┌────────
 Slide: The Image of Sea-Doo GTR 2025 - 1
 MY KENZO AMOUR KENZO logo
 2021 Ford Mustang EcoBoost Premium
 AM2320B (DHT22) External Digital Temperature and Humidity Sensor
└────────
┌────────
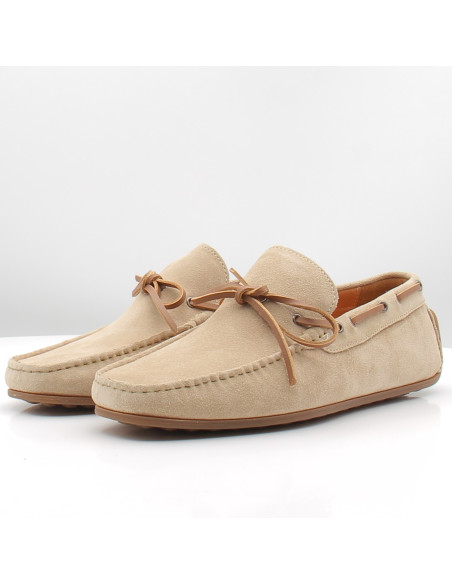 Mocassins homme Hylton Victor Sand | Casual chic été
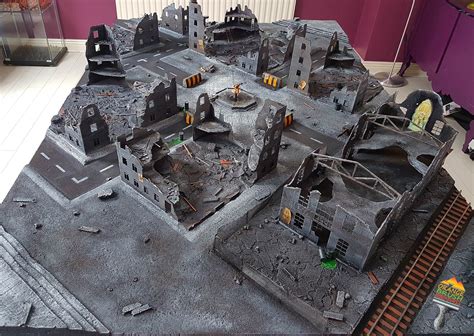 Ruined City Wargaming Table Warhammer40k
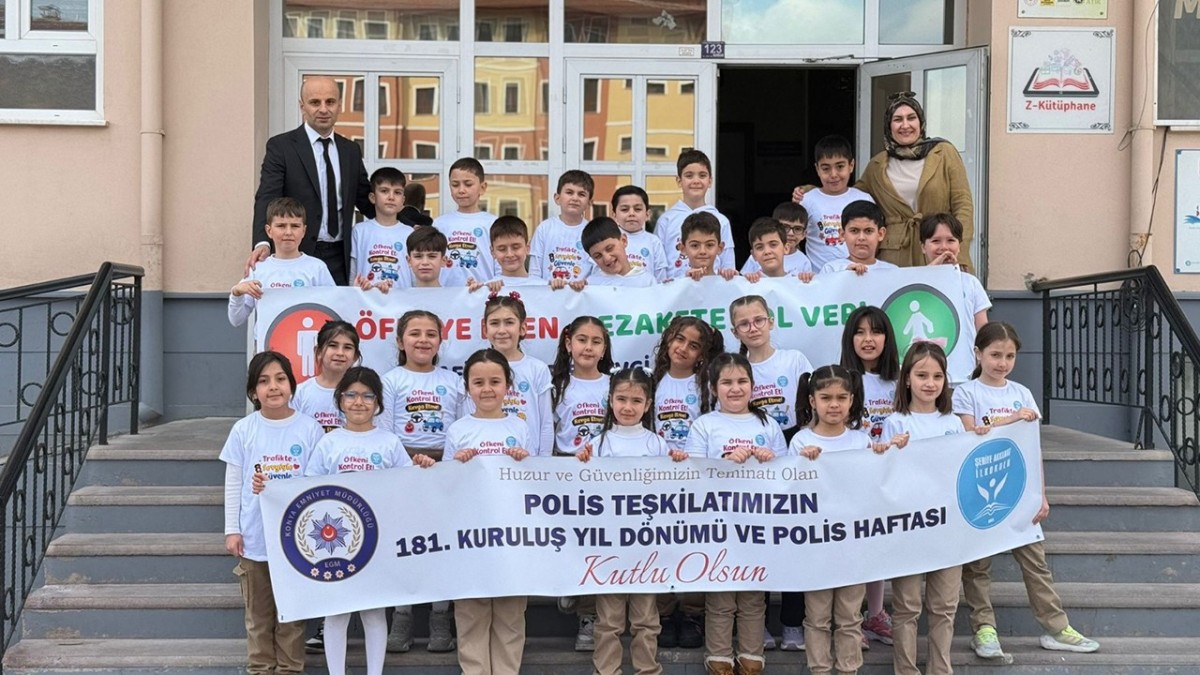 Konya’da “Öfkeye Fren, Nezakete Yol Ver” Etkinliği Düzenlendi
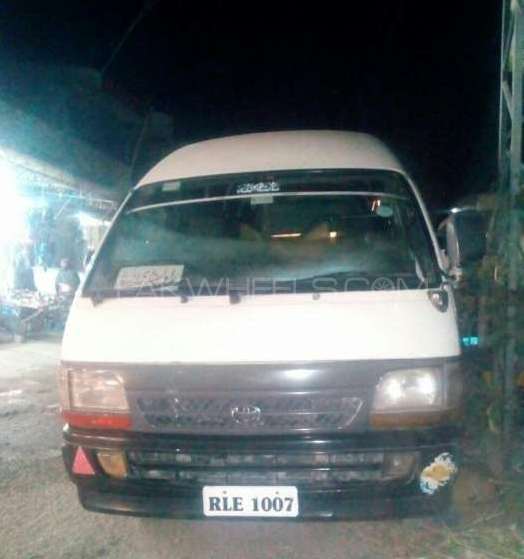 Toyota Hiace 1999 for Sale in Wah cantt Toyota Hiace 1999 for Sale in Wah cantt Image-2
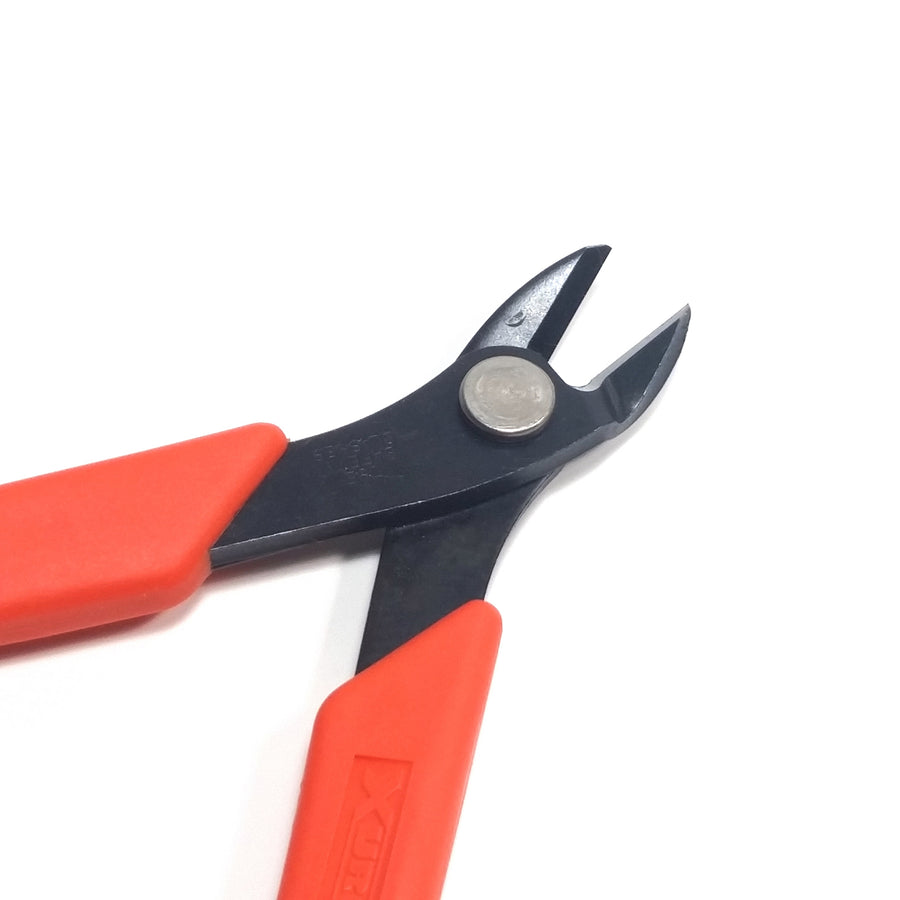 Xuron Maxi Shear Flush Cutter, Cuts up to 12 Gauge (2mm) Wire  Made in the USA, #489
└────────
┌────────
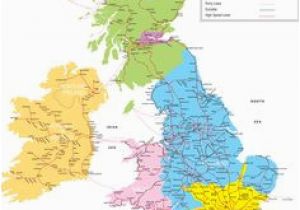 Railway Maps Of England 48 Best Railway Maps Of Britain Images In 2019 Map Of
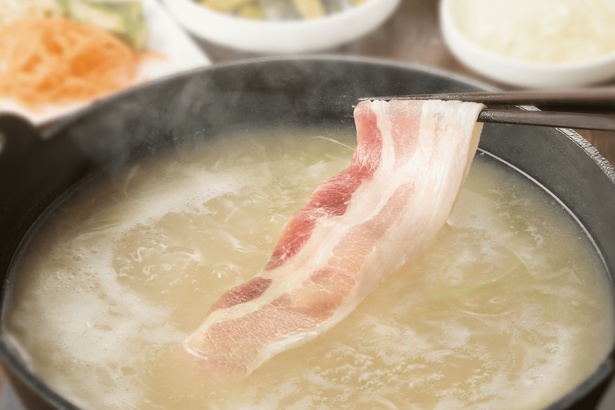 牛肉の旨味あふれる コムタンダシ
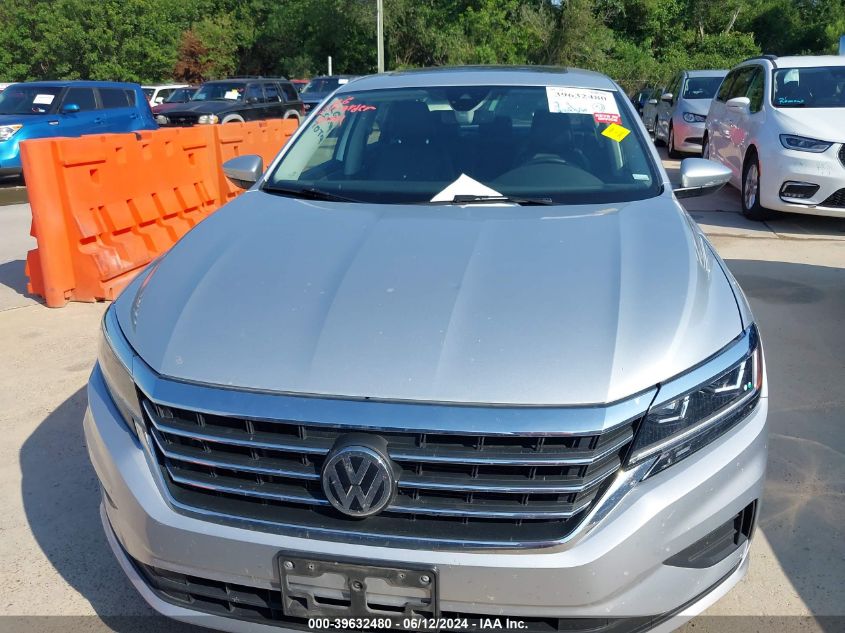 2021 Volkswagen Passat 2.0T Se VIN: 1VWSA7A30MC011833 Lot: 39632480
└────────
- _Work task_: For the entries above, print exactly the lines between the one with "Ruined City Wargaming Table Warhammer40k" and the one with "Xuron Maxi Shear", inclusive, with no pictures.

- _Finished task_:
 Ruined City Wargaming Table Warhammer40k
 Konya’da “Öfkeye Fren, Nezakete Yol Ver” Etkinliği Düzenlendi
 Toyota Hiace 1999 for Sale in Wah cantt Toyota Hiace 1999 for Sale in Wah cantt Image-2
 Xuron Maxi Shear Flush Cutter, Cuts up to 12 Gauge (2mm) Wire  Made in the USA, #489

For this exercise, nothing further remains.